Given data below:
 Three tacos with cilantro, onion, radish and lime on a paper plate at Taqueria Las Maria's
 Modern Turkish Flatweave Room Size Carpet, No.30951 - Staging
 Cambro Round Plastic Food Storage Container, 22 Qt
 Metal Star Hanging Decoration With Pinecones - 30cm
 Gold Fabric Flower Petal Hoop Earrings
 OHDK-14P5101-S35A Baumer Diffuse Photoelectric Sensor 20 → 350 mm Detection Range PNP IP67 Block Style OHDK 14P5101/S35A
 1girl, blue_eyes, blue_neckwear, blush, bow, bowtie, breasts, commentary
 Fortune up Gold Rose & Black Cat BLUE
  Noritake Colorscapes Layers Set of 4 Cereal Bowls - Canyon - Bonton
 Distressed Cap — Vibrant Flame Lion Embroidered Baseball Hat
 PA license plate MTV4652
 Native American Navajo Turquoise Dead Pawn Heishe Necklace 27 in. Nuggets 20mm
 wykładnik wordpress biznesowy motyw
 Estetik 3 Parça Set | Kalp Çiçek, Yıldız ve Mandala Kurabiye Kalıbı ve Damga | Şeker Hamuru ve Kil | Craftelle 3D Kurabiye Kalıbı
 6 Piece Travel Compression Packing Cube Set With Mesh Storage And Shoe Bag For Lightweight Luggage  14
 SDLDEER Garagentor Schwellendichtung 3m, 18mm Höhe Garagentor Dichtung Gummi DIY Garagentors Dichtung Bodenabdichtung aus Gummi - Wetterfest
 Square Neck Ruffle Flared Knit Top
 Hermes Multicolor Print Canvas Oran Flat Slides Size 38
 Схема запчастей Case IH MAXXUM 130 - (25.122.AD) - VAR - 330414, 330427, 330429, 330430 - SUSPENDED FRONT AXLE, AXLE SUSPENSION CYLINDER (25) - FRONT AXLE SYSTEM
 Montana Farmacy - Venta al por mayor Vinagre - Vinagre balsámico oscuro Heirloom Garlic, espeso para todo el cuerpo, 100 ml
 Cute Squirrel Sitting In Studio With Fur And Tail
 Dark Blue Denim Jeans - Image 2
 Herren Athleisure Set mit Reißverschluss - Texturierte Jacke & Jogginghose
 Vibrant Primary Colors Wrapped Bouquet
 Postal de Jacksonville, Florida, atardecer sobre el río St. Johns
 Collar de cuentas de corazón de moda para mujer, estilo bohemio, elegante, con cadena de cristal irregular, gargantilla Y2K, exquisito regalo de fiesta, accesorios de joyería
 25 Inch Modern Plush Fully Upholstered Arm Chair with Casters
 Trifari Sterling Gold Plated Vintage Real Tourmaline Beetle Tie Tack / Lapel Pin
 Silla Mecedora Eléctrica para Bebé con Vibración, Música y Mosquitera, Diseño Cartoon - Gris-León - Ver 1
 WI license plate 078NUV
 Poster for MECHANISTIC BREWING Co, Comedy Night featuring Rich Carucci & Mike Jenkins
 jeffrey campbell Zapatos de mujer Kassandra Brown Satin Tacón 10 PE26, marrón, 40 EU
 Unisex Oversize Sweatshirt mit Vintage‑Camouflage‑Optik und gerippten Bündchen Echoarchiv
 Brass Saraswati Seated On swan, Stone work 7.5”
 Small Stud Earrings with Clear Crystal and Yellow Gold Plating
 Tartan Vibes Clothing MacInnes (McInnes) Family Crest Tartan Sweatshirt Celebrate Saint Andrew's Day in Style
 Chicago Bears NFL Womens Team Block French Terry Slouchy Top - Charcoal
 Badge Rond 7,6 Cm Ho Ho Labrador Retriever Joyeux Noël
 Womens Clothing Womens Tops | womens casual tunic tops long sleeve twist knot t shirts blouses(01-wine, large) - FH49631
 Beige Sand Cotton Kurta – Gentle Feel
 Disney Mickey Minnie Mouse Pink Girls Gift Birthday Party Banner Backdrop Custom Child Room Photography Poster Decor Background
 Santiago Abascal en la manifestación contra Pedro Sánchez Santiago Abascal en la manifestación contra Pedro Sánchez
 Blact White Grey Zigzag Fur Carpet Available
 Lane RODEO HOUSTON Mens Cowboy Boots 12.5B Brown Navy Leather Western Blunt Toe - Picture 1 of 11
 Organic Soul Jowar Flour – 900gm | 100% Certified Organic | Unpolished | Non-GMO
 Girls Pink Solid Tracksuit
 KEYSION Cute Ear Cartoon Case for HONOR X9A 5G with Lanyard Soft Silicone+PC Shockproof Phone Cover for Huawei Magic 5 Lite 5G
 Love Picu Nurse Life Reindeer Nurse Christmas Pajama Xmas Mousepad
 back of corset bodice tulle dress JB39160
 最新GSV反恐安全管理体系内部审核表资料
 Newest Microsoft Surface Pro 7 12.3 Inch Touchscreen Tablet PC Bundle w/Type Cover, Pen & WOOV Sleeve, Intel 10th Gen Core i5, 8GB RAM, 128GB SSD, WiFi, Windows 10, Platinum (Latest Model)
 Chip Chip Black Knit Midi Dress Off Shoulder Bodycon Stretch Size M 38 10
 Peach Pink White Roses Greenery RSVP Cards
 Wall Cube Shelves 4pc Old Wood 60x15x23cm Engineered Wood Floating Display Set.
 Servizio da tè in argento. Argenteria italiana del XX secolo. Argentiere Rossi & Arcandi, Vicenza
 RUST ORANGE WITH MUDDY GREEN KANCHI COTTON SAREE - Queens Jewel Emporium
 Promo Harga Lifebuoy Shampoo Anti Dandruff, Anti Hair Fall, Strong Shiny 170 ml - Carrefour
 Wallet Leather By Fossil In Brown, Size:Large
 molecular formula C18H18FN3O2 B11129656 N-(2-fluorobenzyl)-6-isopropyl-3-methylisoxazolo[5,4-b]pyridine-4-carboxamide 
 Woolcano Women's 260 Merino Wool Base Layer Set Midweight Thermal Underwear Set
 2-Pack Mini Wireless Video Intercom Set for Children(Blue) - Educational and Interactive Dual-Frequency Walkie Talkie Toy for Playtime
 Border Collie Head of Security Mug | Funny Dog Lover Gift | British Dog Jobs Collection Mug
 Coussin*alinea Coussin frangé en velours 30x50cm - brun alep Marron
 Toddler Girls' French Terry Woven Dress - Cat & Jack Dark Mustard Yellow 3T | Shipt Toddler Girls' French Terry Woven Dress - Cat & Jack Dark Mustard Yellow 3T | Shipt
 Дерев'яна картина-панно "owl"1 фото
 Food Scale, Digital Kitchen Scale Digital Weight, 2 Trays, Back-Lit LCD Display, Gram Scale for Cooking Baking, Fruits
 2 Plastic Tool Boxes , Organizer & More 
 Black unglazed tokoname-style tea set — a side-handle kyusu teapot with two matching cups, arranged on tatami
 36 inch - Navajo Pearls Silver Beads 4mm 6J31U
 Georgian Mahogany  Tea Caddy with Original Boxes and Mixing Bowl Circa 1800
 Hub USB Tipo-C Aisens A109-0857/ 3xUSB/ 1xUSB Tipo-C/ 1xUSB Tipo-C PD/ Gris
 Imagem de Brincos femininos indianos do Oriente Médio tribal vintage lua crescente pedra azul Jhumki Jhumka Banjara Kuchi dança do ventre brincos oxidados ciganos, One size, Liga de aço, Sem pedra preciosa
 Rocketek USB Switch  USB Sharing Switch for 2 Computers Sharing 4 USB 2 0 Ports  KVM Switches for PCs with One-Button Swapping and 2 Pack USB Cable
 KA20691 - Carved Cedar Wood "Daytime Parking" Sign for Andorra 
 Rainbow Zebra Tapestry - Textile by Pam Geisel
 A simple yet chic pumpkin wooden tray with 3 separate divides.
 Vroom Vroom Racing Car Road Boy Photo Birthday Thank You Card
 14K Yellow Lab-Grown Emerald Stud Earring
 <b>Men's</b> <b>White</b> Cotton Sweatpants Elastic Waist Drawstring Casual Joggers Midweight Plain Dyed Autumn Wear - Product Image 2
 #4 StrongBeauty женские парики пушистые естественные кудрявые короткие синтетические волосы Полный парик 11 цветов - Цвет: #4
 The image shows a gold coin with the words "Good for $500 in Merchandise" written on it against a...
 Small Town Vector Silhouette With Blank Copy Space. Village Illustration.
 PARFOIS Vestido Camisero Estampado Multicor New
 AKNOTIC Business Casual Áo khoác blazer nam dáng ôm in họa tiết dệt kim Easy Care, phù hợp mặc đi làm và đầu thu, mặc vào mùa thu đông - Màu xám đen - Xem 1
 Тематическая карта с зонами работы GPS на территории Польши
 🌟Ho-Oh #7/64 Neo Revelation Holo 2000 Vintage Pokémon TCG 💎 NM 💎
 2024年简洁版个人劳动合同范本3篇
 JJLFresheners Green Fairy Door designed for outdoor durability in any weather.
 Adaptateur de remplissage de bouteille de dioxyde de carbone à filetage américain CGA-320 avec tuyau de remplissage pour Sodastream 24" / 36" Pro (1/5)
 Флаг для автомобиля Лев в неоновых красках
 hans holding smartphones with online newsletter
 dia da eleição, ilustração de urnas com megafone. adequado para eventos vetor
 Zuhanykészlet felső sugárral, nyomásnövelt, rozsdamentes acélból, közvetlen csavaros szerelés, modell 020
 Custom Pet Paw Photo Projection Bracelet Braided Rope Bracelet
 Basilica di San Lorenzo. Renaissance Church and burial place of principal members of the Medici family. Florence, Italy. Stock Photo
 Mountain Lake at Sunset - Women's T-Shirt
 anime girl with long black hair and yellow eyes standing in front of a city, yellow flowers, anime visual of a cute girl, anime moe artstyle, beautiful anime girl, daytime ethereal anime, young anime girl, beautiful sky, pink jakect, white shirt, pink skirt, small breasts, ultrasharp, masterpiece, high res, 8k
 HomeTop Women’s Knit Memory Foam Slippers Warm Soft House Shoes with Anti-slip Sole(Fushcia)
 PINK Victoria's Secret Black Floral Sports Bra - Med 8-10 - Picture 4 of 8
End of Given data.
▶ [The task]: Above are the entries; repeat their lines exactly, from the first through the one that contains "OHDK-14P5101-S35A Baumer Diffuse".

▶ [The answer]:
 Three tacos with cilantro, onion, radish and lime on a paper plate at Taqueria Las Maria's
 Modern Turkish Flatweave Room Size Carpet, No.30951 - Staging
 Cambro Round Plastic Food Storage Container, 22 Qt
 Metal Star Hanging Decoration With Pinecones - 30cm
 Gold Fabric Flower Petal Hoop Earrings
 OHDK-14P5101-S35A Baumer Diffuse Photoelectric Sensor 20 → 350 mm Detection Range PNP IP67 Block Style OHDK 14P5101/S35A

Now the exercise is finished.